Recorded information ▸
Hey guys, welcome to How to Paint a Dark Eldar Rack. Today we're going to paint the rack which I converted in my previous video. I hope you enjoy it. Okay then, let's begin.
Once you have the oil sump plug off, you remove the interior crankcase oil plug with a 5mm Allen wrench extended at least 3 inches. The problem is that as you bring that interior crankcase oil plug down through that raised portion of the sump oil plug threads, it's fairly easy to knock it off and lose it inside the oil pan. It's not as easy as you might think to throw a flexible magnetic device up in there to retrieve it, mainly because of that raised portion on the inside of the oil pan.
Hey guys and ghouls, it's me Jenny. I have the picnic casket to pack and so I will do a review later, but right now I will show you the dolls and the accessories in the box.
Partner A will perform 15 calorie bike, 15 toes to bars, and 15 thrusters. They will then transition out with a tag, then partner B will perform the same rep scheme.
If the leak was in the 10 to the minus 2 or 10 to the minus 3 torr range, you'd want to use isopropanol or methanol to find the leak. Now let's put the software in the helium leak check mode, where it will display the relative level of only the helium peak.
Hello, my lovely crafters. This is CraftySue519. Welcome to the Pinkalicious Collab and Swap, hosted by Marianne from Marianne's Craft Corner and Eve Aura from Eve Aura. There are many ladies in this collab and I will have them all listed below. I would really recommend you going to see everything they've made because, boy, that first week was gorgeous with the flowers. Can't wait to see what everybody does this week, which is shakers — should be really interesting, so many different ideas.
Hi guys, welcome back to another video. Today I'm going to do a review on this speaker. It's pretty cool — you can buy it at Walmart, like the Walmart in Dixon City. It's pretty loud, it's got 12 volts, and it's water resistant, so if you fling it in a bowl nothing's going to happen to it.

---

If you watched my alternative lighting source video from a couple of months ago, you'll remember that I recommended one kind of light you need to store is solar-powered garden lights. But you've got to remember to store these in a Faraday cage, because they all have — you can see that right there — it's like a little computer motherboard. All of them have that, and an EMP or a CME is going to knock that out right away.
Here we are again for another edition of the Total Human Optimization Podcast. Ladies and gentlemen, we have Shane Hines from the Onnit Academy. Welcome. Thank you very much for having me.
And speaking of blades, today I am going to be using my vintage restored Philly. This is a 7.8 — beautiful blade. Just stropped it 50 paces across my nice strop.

Assignment ▸ Retype the portion of the data above that starts on the line with "If the leak" and finishes on the line with "Hi guys, welcome", including both of those lines.

Solution to this exercise ▸
If the leak was in the 10 to the minus 2 or 10 to the minus 3 torr range, you'd want to use isopropanol or methanol to find the leak. Now let's put the software in the helium leak check mode, where it will display the relative level of only the helium peak.
Hello, my lovely crafters. This is CraftySue519. Welcome to the Pinkalicious Collab and Swap, hosted by Marianne from Marianne's Craft Corner and Eve Aura from Eve Aura. There are many ladies in this collab and I will have them all listed below. I would really recommend you going to see everything they've made because, boy, that first week was gorgeous with the flowers. Can't wait to see what everybody does this week, which is shakers — should be really interesting, so many different ideas.
Hi guys, welcome back to another video. Today I'm going to do a review on this speaker. It's pretty cool — you can buy it at Walmart, like the Walmart in Dixon City. It's pretty loud, it's got 12 volts, and it's water resistant, so if you fling it in a bowl nothing's going to happen to it.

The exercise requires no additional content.